Women report more incivility from other women at work than from male coworkers, according to a new study.
The phenomenon of women discriminating against other women in the workplace—particularly as they rise in seniority—has long been documented as the “queen bee syndrome.” As women have increased their ranks in the workplace, most will admit to experiencing rude behavior and incivility.
Who is at fault for dishing out these mildly deviant behaviors? Has the syndrome grown more pervasive?
“Studies show women report more incivility experiences overall than men, but we wanted to find out who was targeting women with rude remarks,” says Allison Gabriel, assistant professor of management and organizations in the University of Arizona’s Eller College of Management.

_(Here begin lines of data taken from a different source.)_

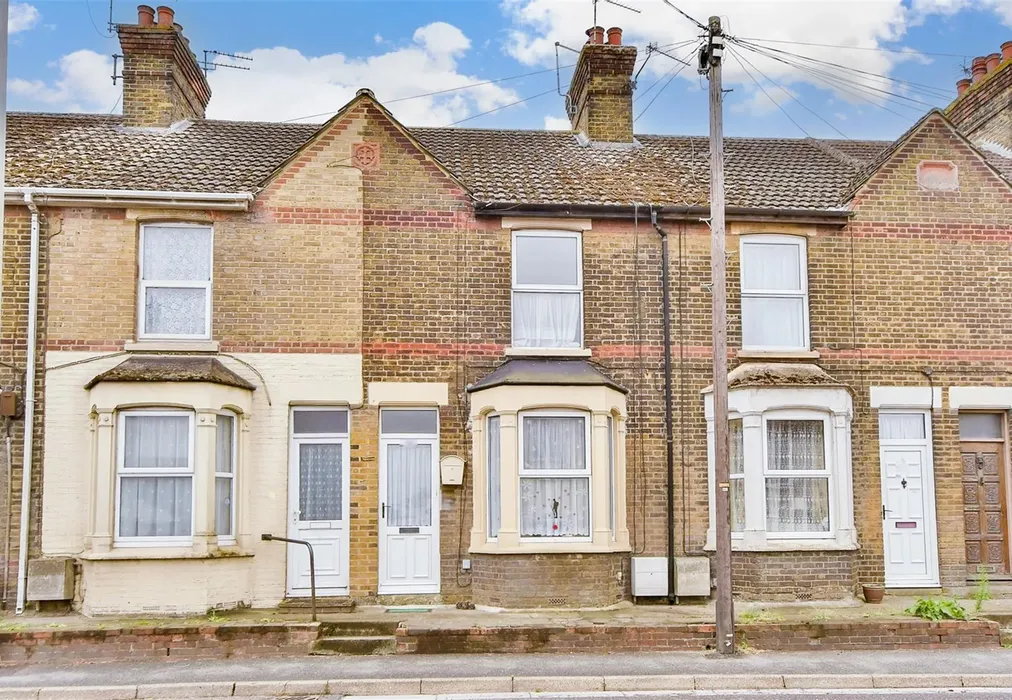 External (Web) - The Street, Bapchild, Sittingbourne, Kent - Wards of Kent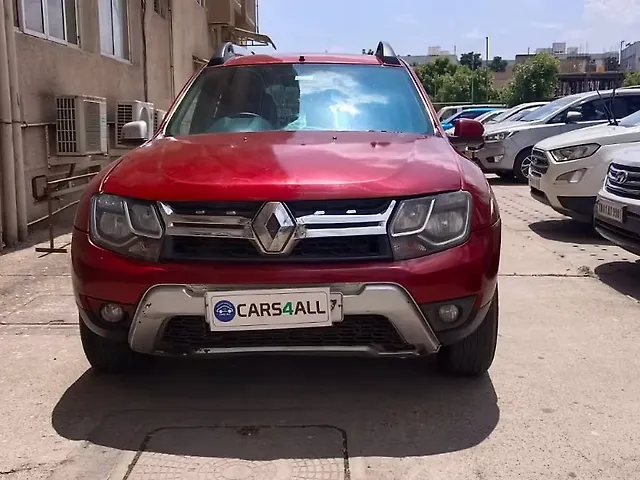 Used 2014 Renault Duster in Chennai Used 2014 Renault Duster in Chennai
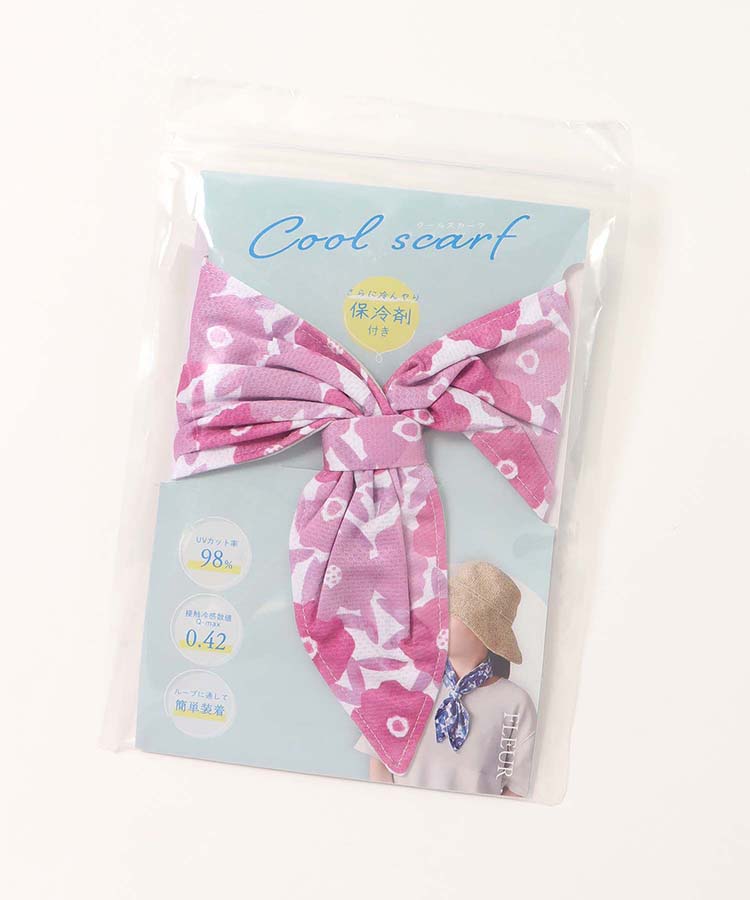 フルールクールスカーフ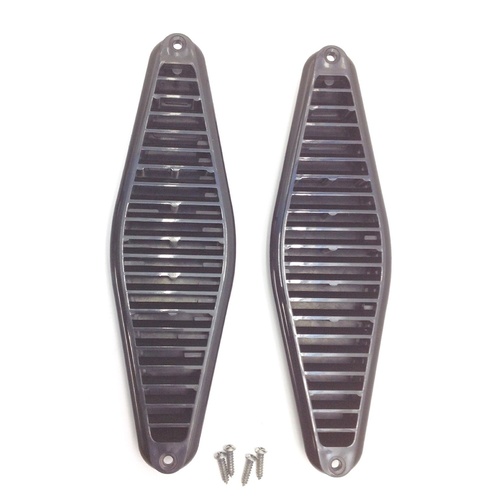 TORANA LX UC HATCHBACK NEW REAR CARGO AIR RELIEF VENTS SS A9X SL SLE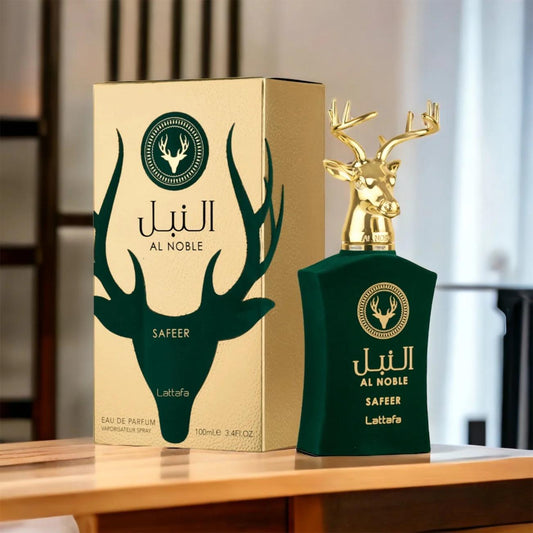 Al Noble Safeer Eau De Parfum (100ml) Maison Alhambra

Gabriel and her coauthors set out to answer that question across three studies. Men and women who were employed full time answered questions about the incivility they experienced at work during the last month.
The questions were about coworkers who put them down or were condescending, made demeaning or derogatory remarks, ignored them in a meeting, or addressed them in unprofessional terms. Each set of questions was answered twice, once for male coworkers and once for female coworkers.

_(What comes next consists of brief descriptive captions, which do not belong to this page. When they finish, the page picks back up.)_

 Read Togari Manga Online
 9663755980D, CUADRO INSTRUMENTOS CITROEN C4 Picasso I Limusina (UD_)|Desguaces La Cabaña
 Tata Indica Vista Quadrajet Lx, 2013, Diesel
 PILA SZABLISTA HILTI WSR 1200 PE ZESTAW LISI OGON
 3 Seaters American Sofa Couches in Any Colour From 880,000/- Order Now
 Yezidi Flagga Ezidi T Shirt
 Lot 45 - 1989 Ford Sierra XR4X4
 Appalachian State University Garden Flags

“Across the three studies, we found consistent evidence that women reported higher levels of incivility from other women than their male counterparts,” Gabriel says. “In other words, women are ruder to each other than they are to men, or than men are to women.
“This isn’t to say men were off the hook or they weren’t engaging in these behaviors,” she notes. “But when we compared the average levels of incivility reported, female-instigated incivility was reported more often than male-instigated incivility by women in our three studies.”
Researchers also asked participants to complete trait inventories of their personalities and behaviors to determine if there were any factors that contributed to women being treated uncivilly. The research shows that women who defied gender norms by being more assertive and dominant at work were more likely to be targeted by their female counterparts, compared to women who exhibited fewer of those traits.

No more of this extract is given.